South Hurstville is mainly residential with a small commercial/shopping area. A conventional style shopfront strip is located around King Georges Road and Connells Point Road. The Kings Head Tavern is a landmark at this location as well. An IGA Supa supermarket, McDonald's, Fast Food outlet, BWS Liquor store are located nearby.

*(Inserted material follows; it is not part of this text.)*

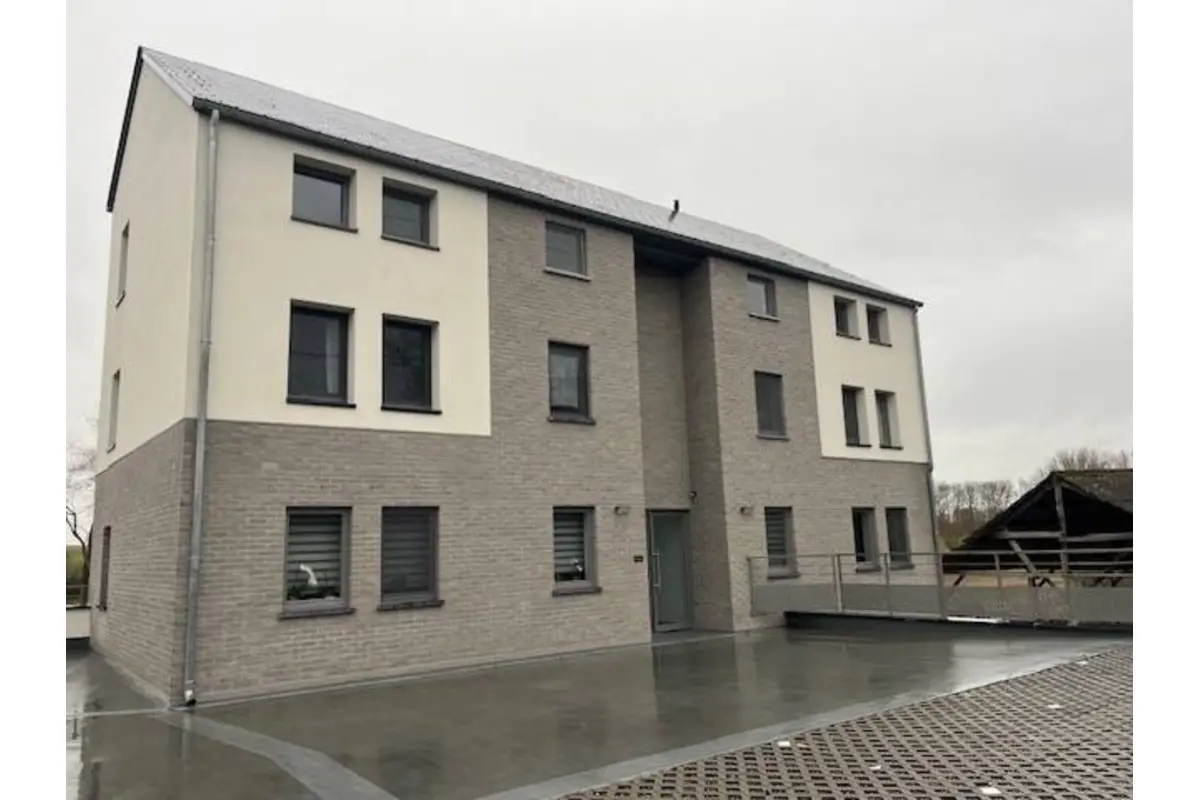 Appartement à louer à Mettet 5640 925.00€ 2 chambres 88.00m² - annonce 677772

A light industrial area is located in lower Halstead Street, alongside fitness businesses.

==Places of worship==
- St Marks Anglican Church
- South Hurstville Uniting Church
- South Hurstville Christian Brethren Church
- St Raphael's Catholic Church

==Schools==
Hurstville South Public School is located on Maher Street (technically in Hurstville); St. Raphael's Catholic Primary School on George Street.

==Transport==
Veolia Transport runs services through South Hurstville. Routes 970 and 971 Miranda via Sylvania Heights and Sylvania Heights to Hurstville. Route 959 from Bald Face at Blakehurst to Hurstville. Punchbowl Bus Company runs Route 953 Hurstville via Kyle Bay, Connells Point and South Hurstville (Loop service).

==Landmarks==
- South Hurstville Library
- Poulton Park

==Population==
In the 2021 Census, there were 5,221 people in South Hurstville. 49.1% of people were born in Australia. The next most common countries of birth were China (18.0%), Hong Kong (3.7%) and Lebanon (2.3%). 36.4% of people spoke only English at home. Other languages spoken at home included Mandarin (16.9%), Cantonese (13.9%), Arabic (6.0%), Greek (5.2%) and Macedonian (2.3%).

The most common responses for religious affiliation were No Religion (33.1%), Catholic (18.6%) and Eastern Orthodox (10.0%).